* WHAT THE EXERCISE ASKS
Every line of the material below must be repeated exactly.

◇ ◇ ◇ ◇ ◇ ◇ ◇

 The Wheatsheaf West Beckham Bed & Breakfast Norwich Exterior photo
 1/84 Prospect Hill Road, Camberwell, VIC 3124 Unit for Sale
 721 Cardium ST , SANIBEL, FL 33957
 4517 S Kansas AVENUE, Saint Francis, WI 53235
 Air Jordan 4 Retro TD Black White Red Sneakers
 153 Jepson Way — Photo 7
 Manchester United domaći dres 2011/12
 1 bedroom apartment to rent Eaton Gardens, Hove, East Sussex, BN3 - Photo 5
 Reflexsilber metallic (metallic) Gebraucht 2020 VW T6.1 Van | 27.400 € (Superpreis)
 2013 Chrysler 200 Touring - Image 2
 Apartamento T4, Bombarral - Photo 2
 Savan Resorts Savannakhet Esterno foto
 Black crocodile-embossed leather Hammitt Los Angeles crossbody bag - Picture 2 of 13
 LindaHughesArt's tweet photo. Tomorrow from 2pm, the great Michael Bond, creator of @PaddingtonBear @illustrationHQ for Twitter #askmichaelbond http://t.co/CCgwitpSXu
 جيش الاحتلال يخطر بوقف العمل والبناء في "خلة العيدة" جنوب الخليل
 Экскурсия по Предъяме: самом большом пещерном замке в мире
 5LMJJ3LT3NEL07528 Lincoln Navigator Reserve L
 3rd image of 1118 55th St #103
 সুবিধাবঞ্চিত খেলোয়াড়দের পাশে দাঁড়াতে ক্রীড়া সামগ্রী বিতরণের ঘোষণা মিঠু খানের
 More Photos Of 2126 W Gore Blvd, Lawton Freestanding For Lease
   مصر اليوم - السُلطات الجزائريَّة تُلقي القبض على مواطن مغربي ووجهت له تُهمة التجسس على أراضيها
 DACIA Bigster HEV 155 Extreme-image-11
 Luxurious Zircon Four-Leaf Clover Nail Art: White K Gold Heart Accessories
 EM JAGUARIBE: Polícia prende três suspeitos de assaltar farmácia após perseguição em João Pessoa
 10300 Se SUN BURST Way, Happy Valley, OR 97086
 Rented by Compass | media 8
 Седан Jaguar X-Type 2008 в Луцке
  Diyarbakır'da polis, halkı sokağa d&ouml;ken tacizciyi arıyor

◇ ◇ ◇ ◇ ◇ ◇ ◇

* WRITTEN SOLUTION
 The Wheatsheaf West Beckham Bed & Breakfast Norwich Exterior photo
 1/84 Prospect Hill Road, Camberwell, VIC 3124 Unit for Sale
 721 Cardium ST , SANIBEL, FL 33957
 4517 S Kansas AVENUE, Saint Francis, WI 53235
 Air Jordan 4 Retro TD Black White Red Sneakers
 153 Jepson Way — Photo 7
 Manchester United domaći dres 2011/12
 1 bedroom apartment to rent Eaton Gardens, Hove, East Sussex, BN3 - Photo 5
 Reflexsilber metallic (metallic) Gebraucht 2020 VW T6.1 Van | 27.400 € (Superpreis)
 2013 Chrysler 200 Touring - Image 2
 Apartamento T4, Bombarral - Photo 2
 Savan Resorts Savannakhet Esterno foto
 Black crocodile-embossed leather Hammitt Los Angeles crossbody bag - Picture 2 of 13
 LindaHughesArt's tweet photo. Tomorrow from 2pm, the great Michael Bond, creator of @PaddingtonBear @illustrationHQ for Twitter #askmichaelbond http://t.co/CCgwitpSXu
 جيش الاحتلال يخطر بوقف العمل والبناء في "خلة العيدة" جنوب الخليل
 Экскурсия по Предъяме: самом большом пещерном замке в мире
 5LMJJ3LT3NEL07528 Lincoln Navigator Reserve L
 3rd image of 1118 55th St #103
 সুবিধাবঞ্চিত খেলোয়াড়দের পাশে দাঁড়াতে ক্রীড়া সামগ্রী বিতরণের ঘোষণা মিঠু খানের
 More Photos Of 2126 W Gore Blvd, Lawton Freestanding For Lease
   مصر اليوم - السُلطات الجزائريَّة تُلقي القبض على مواطن مغربي ووجهت له تُهمة التجسس على أراضيها
 DACIA Bigster HEV 155 Extreme-image-11
 Luxurious Zircon Four-Leaf Clover Nail Art: White K Gold Heart Accessories
 EM JAGUARIBE: Polícia prende três suspeitos de assaltar farmácia após perseguição em João Pessoa
 10300 Se SUN BURST Way, Happy Valley, OR 97086
 Rented by Compass | media 8
 Седан Jaguar X-Type 2008 в Луцке
  Diyarbakır'da polis, halkı sokağa d&ouml;ken tacizciyi arıyor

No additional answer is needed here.